Saturday, July 23, 2011

Chickens: The Good, the Bad and the Ugly!

Ah yes, the skinny on being urban, or suburban chicken livestock keepers.  Having done this for exactly four months today, I thought it was high time I shared my experience, mostly from today alone.

I'll start with the Good. Today I had the incredible opportunity to partake upon the Coop of Dreams tour in nearby Everett, WA.  Apparently it's a tradition of backyard chicken keepers there to have a self-directed coop tour, where they open up their yards and flocks to inspection.  I saw it advertised in the paper last week and set out to go with the kids.  We had a blast, so that's the good thing. I got to talk to like minded folks and see what necessity, ingenuity and creativity did for them, and how different it all turned out.  There really are 1,000 ways to raise chickens.  Amazing really.

I also got to see about a dozen different breeds, many I recognized from my own flock, but many I've never seen in real life.  So many happy, healthy chickens of various ages.  Very cool!

Now for the Bad.  I was polite and civil as always, holding my tongue, but spending a bit of time on Backyard will indoctrinate just about everyone to the rule of thumb that says chickens need a minimum of 4 SF per bird for a coop and 10 SF per bird for a daytime run space.  That's what I went off of when building my setup, and my birds seem quite content with it. 

So, when I was going around the the various tour sites, I couldn't help but internally critique their setups.  Every coop was completely different, which was the point of the tour, though in general, folks gave their birds far too little coop space.  The worst offender had one of those A-Frame style portable coops with the siding most of the way down and a run underneath.  However, they had like 10 birds in a 12 SF coop!  No wonder they were squawking up a storm the whole time I was there. I know, chickens are overwhelming raised in cages where they can't stand up or stretch their wings, but come one! 

Only one of the 7 we made it to before the tour time ended impressed me for space.  It was a 10x10 shed for 10 birds, and they free ranged.  Simple but elegant.  I was very impressed.

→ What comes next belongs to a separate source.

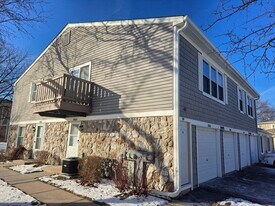 1060 Newport Harbor in Schaumburg, IL - Building Photo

Finally, the Ugly.  Being a livestock farmer is tough.  No, the 10 minutes a day I spend taking care of my chickens isn't tough at all, except that it HAS to get done.  I can say I'm still not used to it after four months of doing it.  They say it takes 21 days to make a habit.  I beg to differ.  I have yet to master the forethought of looking out at my daily schedule and making sure they chickens get in before dark.  It wouldn't be so bad if I had a predator-proof arc, but I still have chicken wire on it.  Take today for example.  It's a busy summer Saturday.  We've got a packed schedule that requires dividing the forces, meeting up at an amazing party at a dear friend's home in Monroe, about 45 minutes from home.  If I had planned better, I would have had my wife put the girls in their coop and mini-run around 3 PM, forcing them to survive on 8 SF MORE of combined space than their arc allows.  Instead, we were forced to leave the party way before it was over, just when the band was starting, to head home to put the girls away.  Sure, it's not nearly as bad as being parents, but it does require forethought.  Live and learn... my brother didn't put his away either, so I stopped by his house to do the same for him.

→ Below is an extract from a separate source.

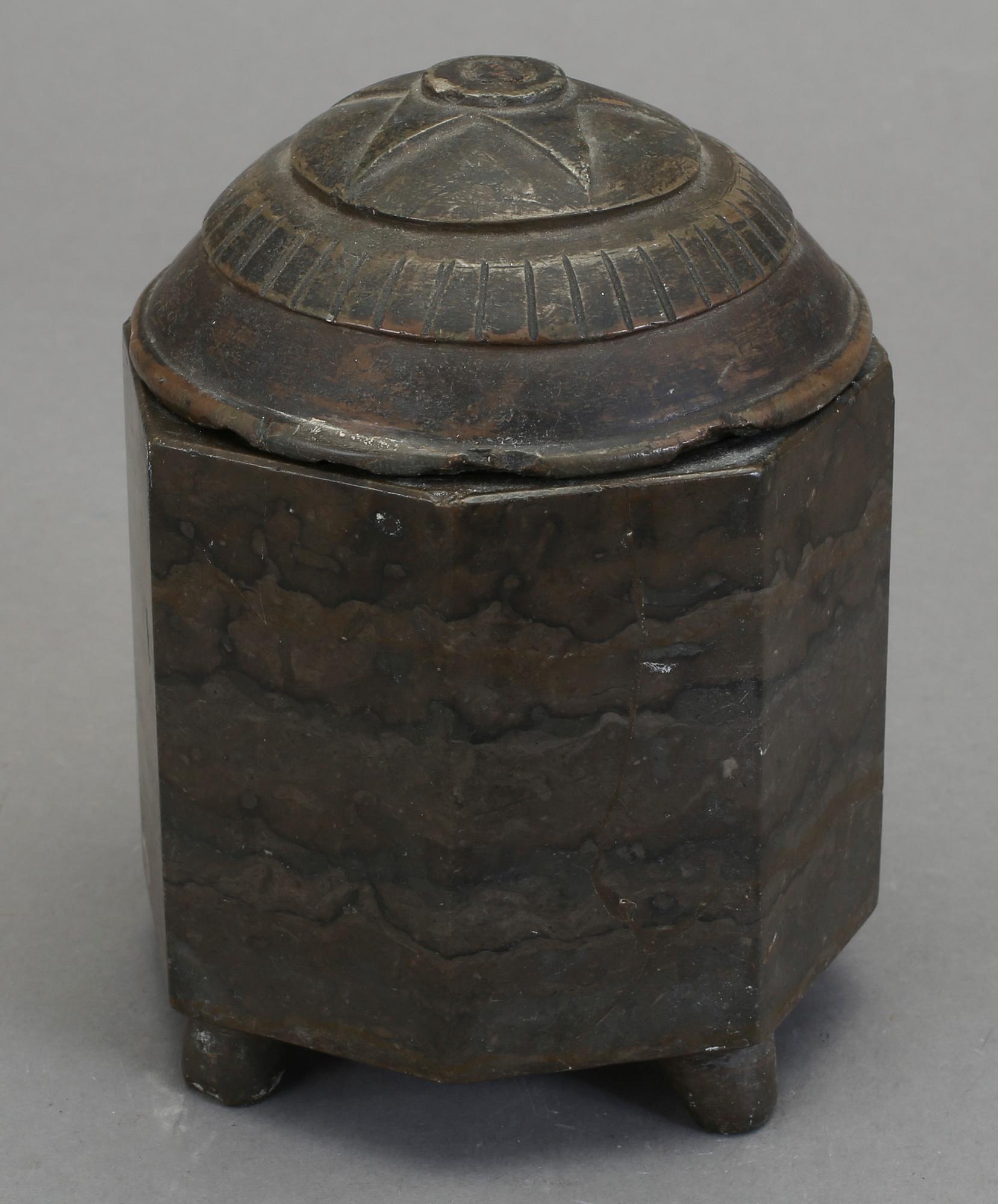 TOBAKSBURK, kalksten, 1800-talets första hälft/mitt.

I'll leave you with a cool tid-bit I learned today.  Apparently Buff Orpingtons can start laying as early as 4 months, so Buffy will be 4 months next week (she's a week younger than my other girls).  Not only that, but when they start laying, it starts the others to do so as well, so I *could* be getting eggs soon.  Wouldn't that be cool!

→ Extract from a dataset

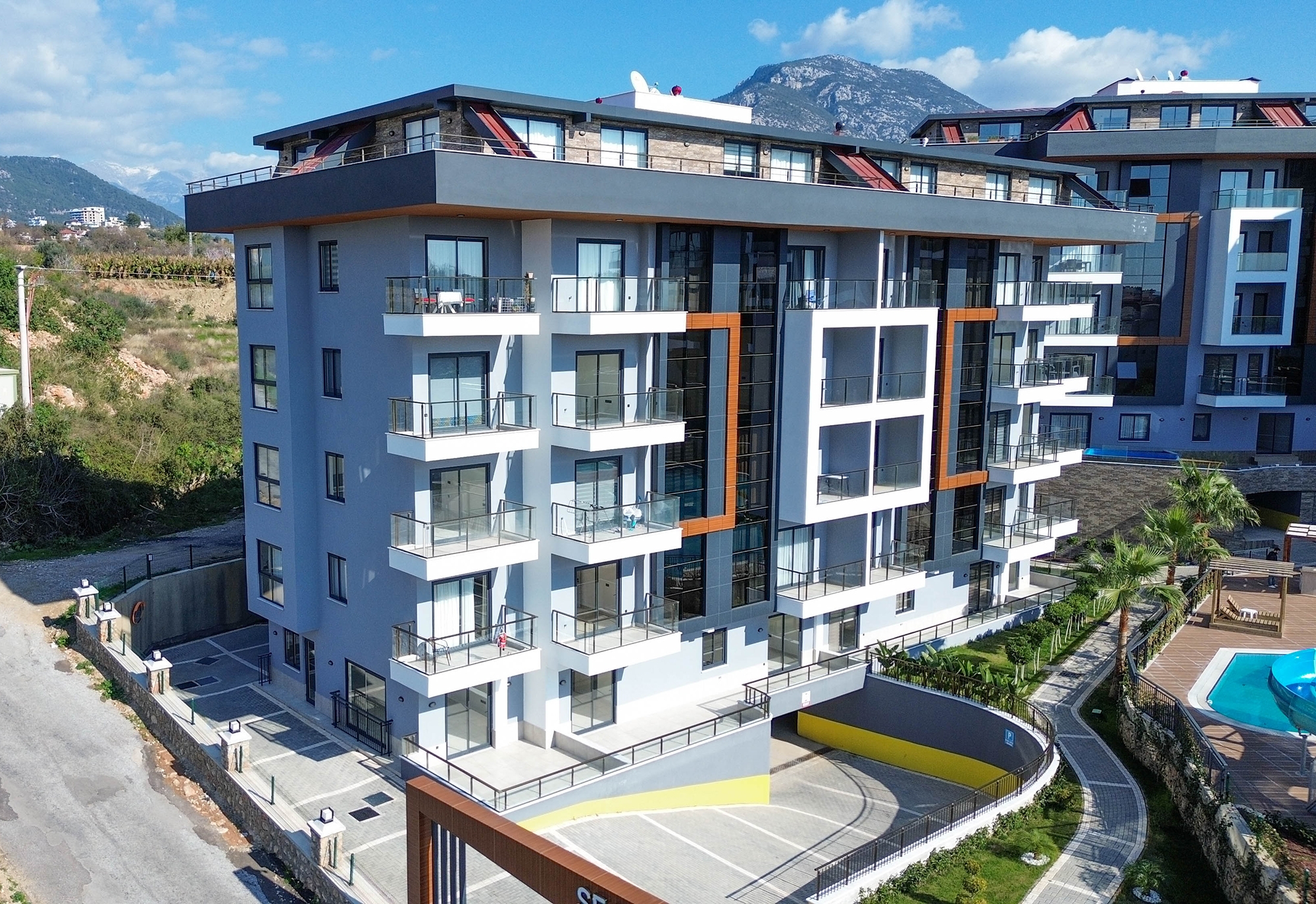 Luxurious 1+1 Apartment with Sea and Mountain Views, Alanya-Kestel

  1. I sure hope egg-laying peer pressure works on your flock!

    We're so happy with the self-cooping of our birds. If I ever really have to lock them up, I will, but knock wood, the raccoons seem willing to leave them alone when they're inside.

  2. Good luck on the egg laying. And that is the one reason I haven't pressured my husband for chickens yet. That and traveling. You really do HAVE to be there for your livestock.

  3. I have to say that I am with you on the observation that lots of folks are putting their birds into too cramped of an environment - only leads to flock stress and unhealthy birds (or injury from fighting and the inability to get away from the more aggressive birds). I give my hens much more than the minimum and it really makes a difference in their general relaxation and good health.